**Work order:** Return every line of the listing exactly as written.

**Information provided:**

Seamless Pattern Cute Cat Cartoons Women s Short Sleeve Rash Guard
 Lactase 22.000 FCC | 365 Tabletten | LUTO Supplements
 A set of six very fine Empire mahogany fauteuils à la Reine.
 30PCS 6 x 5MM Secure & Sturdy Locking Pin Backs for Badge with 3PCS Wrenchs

**Result for this exercise:**
Seamless Pattern Cute Cat Cartoons Women s Short Sleeve Rash Guard
 Lactase 22.000 FCC | 365 Tabletten | LUTO Supplements
 A set of six very fine Empire mahogany fauteuils à la Reine.
 30PCS 6 x 5MM Secure & Sturdy Locking Pin Backs for Badge with 3PCS Wrenchs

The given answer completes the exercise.